[Input data]

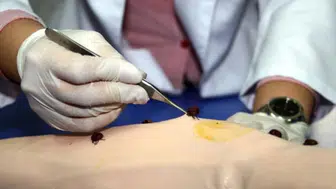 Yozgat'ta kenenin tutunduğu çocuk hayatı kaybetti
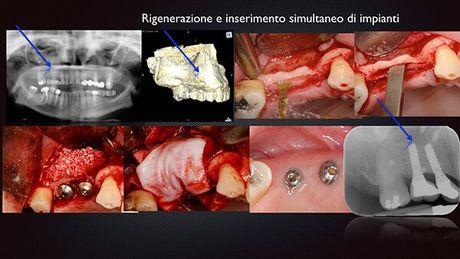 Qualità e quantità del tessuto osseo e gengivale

[/Input data]
[Input data]

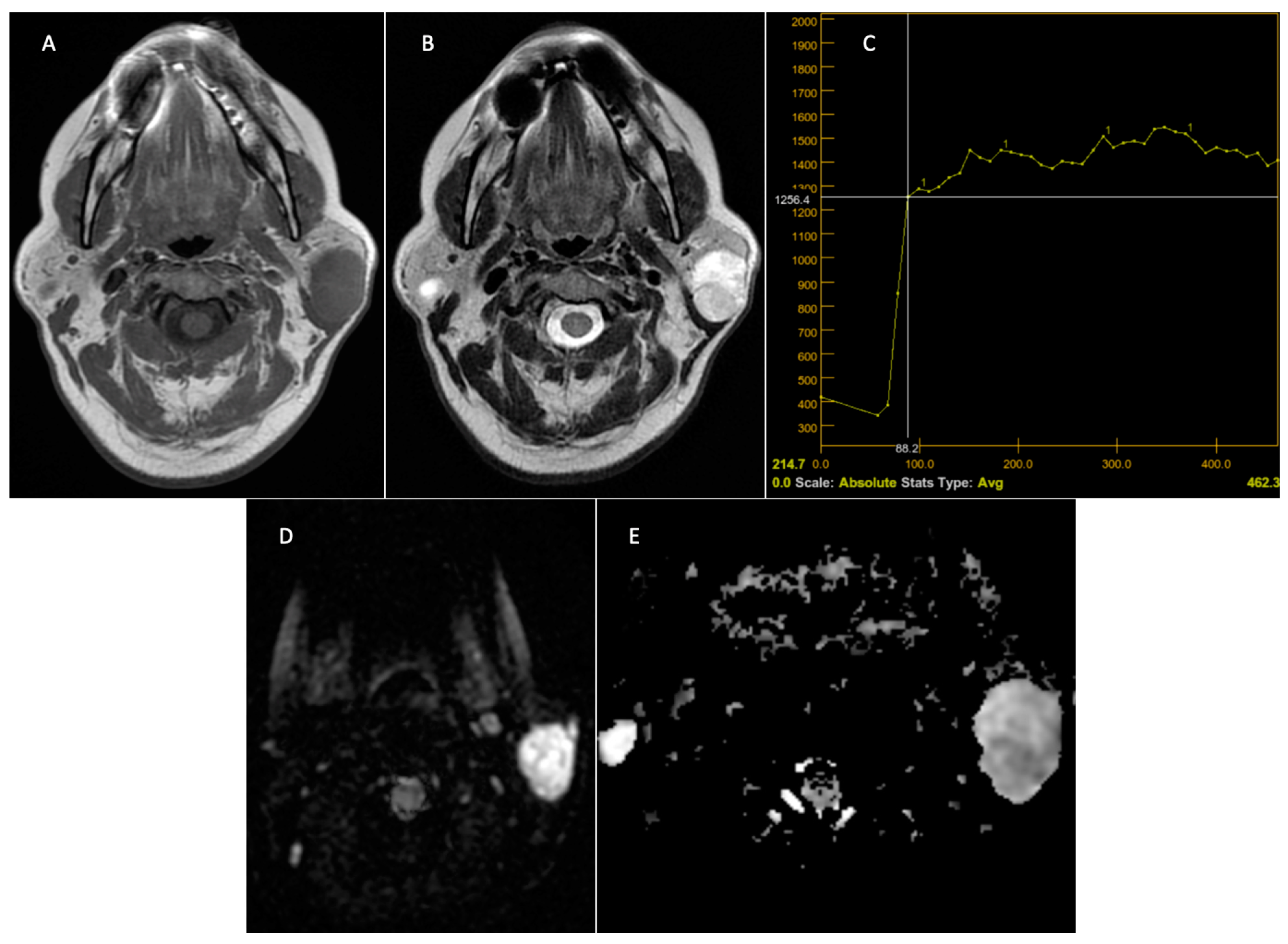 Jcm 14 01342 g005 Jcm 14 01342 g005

[/Input data]
[Input data]

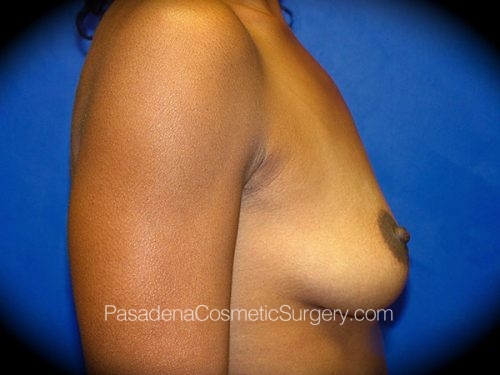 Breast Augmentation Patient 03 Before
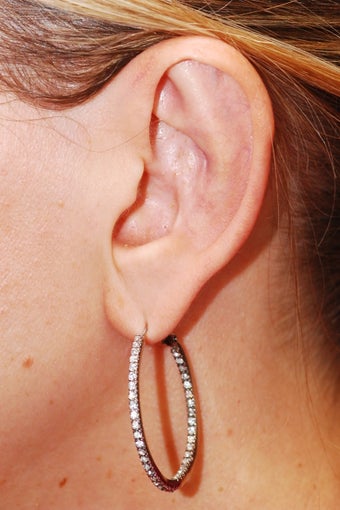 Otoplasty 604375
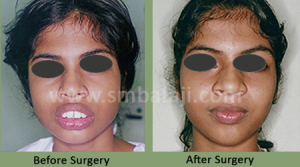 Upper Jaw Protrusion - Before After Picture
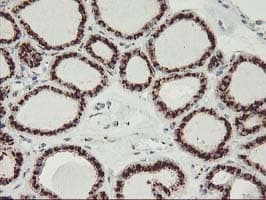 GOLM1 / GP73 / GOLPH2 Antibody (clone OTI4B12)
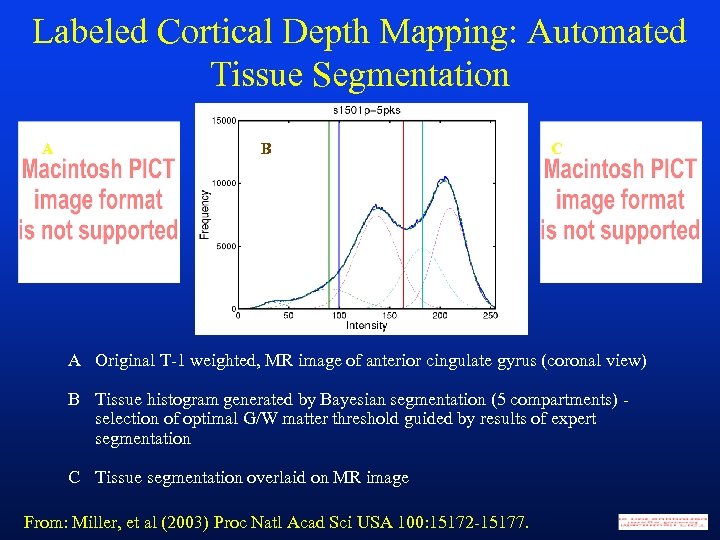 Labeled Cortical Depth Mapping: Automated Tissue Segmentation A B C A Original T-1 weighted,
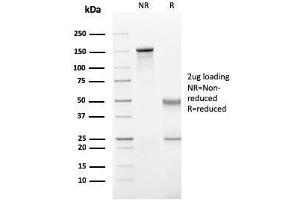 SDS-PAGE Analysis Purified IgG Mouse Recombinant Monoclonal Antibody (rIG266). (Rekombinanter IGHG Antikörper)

[/Input data]

▶ **What you need to do**
What should come back is an exact copy of the lines above from the line with "Otoplasty 604375" to the line with "Labeled Cortical Depth", both included, minus the pictures.

▶ **Response box**
 Otoplasty 604375
 Upper Jaw Protrusion - Before After Picture
 GOLM1 / GP73 / GOLPH2 Antibody (clone OTI4B12)
 Labeled Cortical Depth Mapping: Automated Tissue Segmentation A B C A Original T-1 weighted,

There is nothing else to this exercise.